I have spent the last two days interviewing candidates for an open RN position on my floor. Last week I went through the 14 resumes HR sent over to pick out the ones I wanted to interview. Eliminated eight of these for various... Read More


  1. 1
    Quote from alodocios
    You worked hard for your license and staying in an unsafe environment can jeopardize that. New nurses many times take bottom of the barrel to get hired but who wants to stay there. I once put the wrong number on the bott if my cover letter. I prayed they would use the top one. I retread it a million ted and had hubby read it too. Neither of us caught it. No one is trying to waste time on either side especially an unemployed RN. Still good piece. I have wild curly hair. I was told that you can't go wrong with a low neat bun and a small pair of studs.
    Nurses rarely lose their licenses for working in an unsafe environment. They lose licenses for fraudulent charting, substance abuse and criminal behavior. The rest of your post is somewhat incoherent, and I'm not sure of what you mean about the "bott of my cover letter" and "I retread it a million ted."
    wooh likes this.
  2. 0
    Quote from Teacher Sue
    Several people here seem to place a negative connotation on fitting in and on the culture of a nursing unit. This is not always the case. A nurse who feels that the aides are there only to take orders would not fit in on a floor where there is more of a teamwork culture between all staff. And an older nurse who feels entitled to the best shifts would not fit into a floor where the culture is that everyone works their share of off shifts. I know the culture on my unit very well. The staff is diverse, but cohesive. It would be irresponsible of me to bring a new hire onto the unit who might disrupt this cohesiveness. Not only would this affect staff, it would affect patient care as well. I'm just not sure how wanting to hire people who will work well with established staff equates to lateral violence. Of course there is conflict on my unit. It is impossible to have 48 staff and not have conflict. But when it occurs, it is addressed. Please don't assume that all units and all managers are like your previous unit. I for one truly do have both the patients and the staff's best interest at heart. And I think that all of the managers I currently work with feel the same way.

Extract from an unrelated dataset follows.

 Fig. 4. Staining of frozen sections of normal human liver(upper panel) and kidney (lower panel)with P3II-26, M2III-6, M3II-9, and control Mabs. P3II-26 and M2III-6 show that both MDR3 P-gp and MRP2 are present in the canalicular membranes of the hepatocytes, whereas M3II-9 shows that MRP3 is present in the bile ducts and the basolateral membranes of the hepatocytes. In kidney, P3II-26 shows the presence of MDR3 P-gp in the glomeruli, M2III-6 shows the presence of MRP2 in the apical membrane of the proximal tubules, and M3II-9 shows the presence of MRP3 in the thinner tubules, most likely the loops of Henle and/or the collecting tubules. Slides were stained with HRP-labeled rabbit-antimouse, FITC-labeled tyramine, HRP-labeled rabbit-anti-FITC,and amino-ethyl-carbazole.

    I totally agree with this. You know I have heard a new nurse grad say, in a condescending way, "I am not there to wipe butts, that's what the aids are for."

    OK, maybe it's b/c mostly I have been an ICU/Critical Care nurse, but honestly, this statement annoyed me. Lord knows that are a zillions things that are high priority that go beyond basic care, but I don't think I am above doing basic care. I don't thing any nurse should think they are above doing basic care. Besides, you can find out a lot about patients during basic care. Beyond that, they are humans will real human needs. How their basic care is addressed affects their pscyho-emotional sense of wellbeing and sense of dignity.

    It's funny how, when a RN moves out of adult care to pediatric or neonatal care or critical care, the basic care issues become no big deal.

    If a person is in need, the person is in need, period. Everyone is an important part of the team.

    Maybe it's b/c long before I became a RN, I was a NA, and as a teen, I was a candy stripper. (LOL. Remember them?) My mother was charge over the MS floor I was assigned, and also worked in ED. She never allowed me to sit with other candy strippers and chit chat. She made sure I understood that it's all about meeting needs. And I remember, at 14 and 15 years of age, going home with aching legs and feet. So, in many ways, my beginning nurse's education started very early.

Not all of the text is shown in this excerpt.